A security guards keeps a watch on the crowd at the Carlton v Western Bulldogs match. Picture: AAP
A security guards keeps a watch on the crowd at the Carlton v Western Bulldogs match. Picture: AAP

 

2. BUT FIND THE MIDDLE GROUND

If security guards are flexing their muscles over fans barracking, we certainly do have a problem. And too many fans are lodging complaints for them to be ignored, or to be without foundation. Faith in the AFL is low.

The AFL said it didn't ban the Richmond fan for the "green maggot'' comments, but Richmond says the AFL leaned on it to sanction the fan.
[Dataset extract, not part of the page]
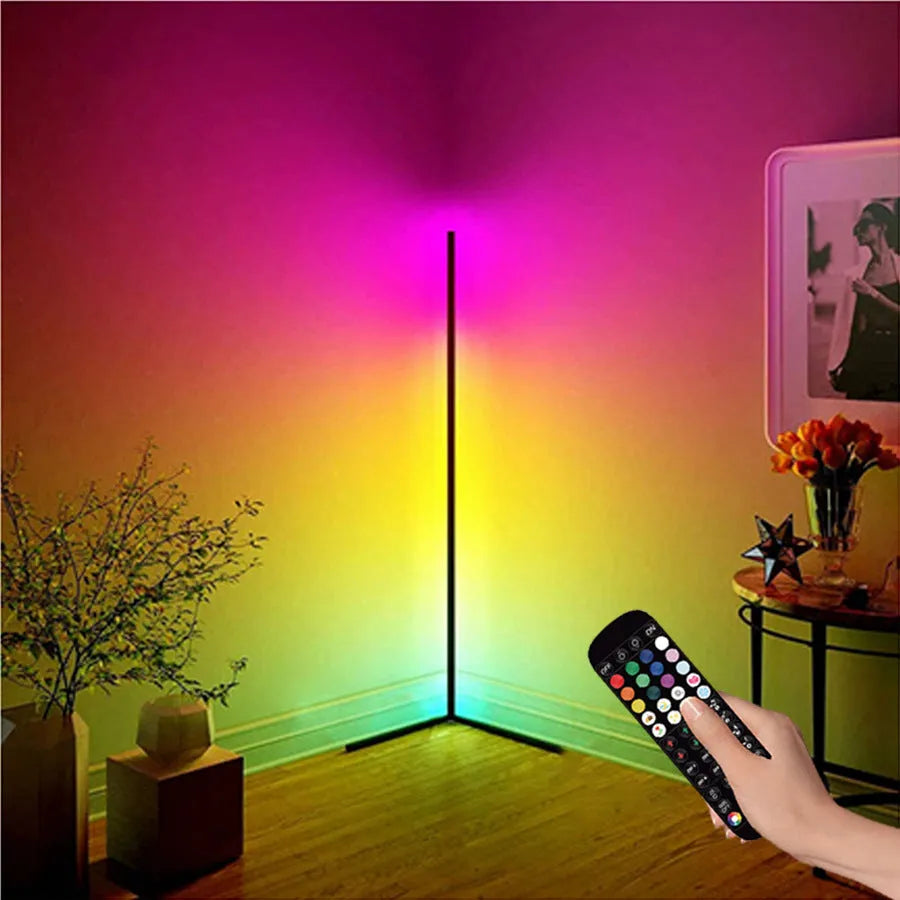 Black RGB floor lamp with music sync and aluminium alloy stand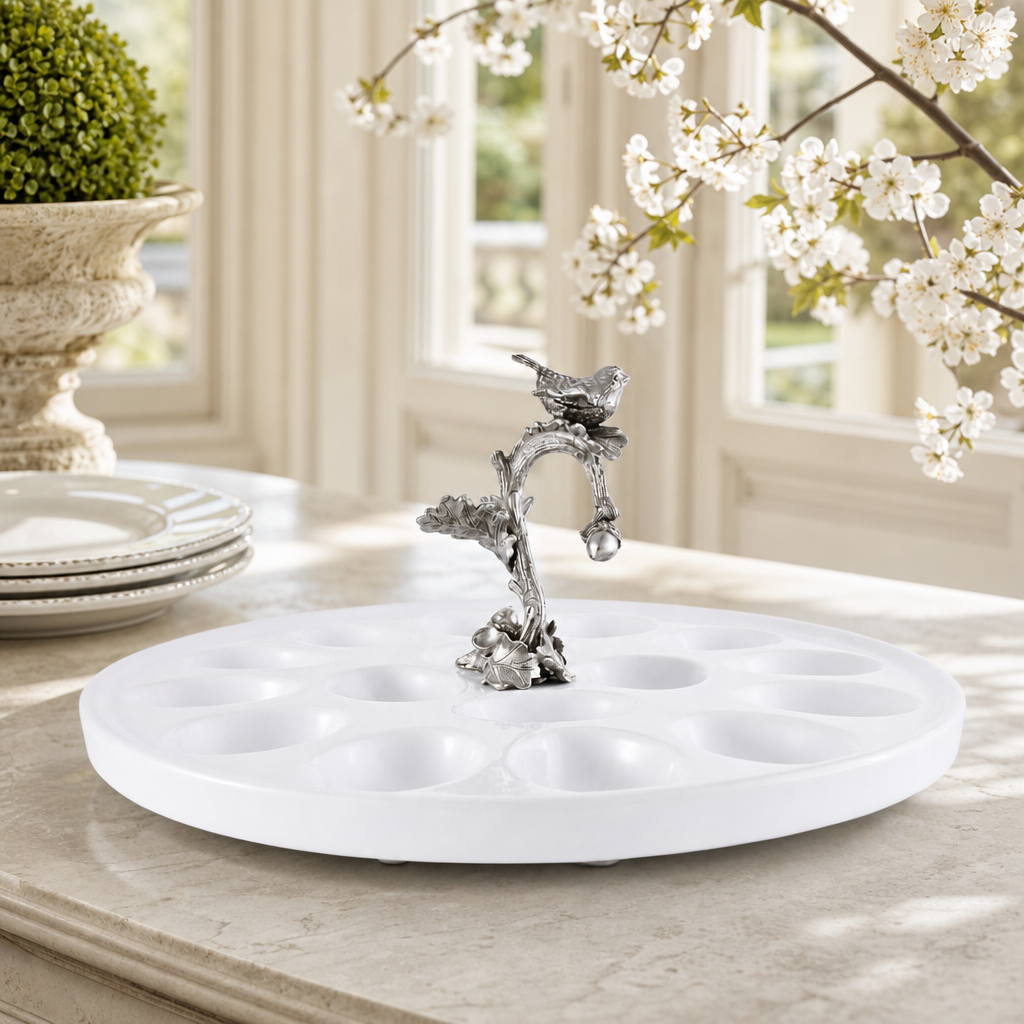 Deviled Egg Tray with Pewter Song Bird Handle 5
Then there were the different versions of the "baldheaded flog'' incident.

But this is not really an AFL matter. It is a stadium problem, and on 3AW Marvel chief executive Michael Green conceded that if fans felt intimidated by the security, this would be addressed. The positive is that football will become a safer place.

 

3. BEN STRATTON

The Hawthorn skipper's deliberate attacks on Orazio Fantasia and Shaun McKernan are the low points of his career. Sending him to the tribunal to hear his version of events will be interesting. What goes through a player's head, a captain's head, that prompts him to consistently pinch an opponent and then deliberately stomp on the foot of another opponent?

The pinching component is simple bullying of a smaller opponent - would he do it to Tom Hawkins, Buddy Franklin or Jeremy Cameron? The stomping was a malicious act which could have easily broken McKernan's navicular bone.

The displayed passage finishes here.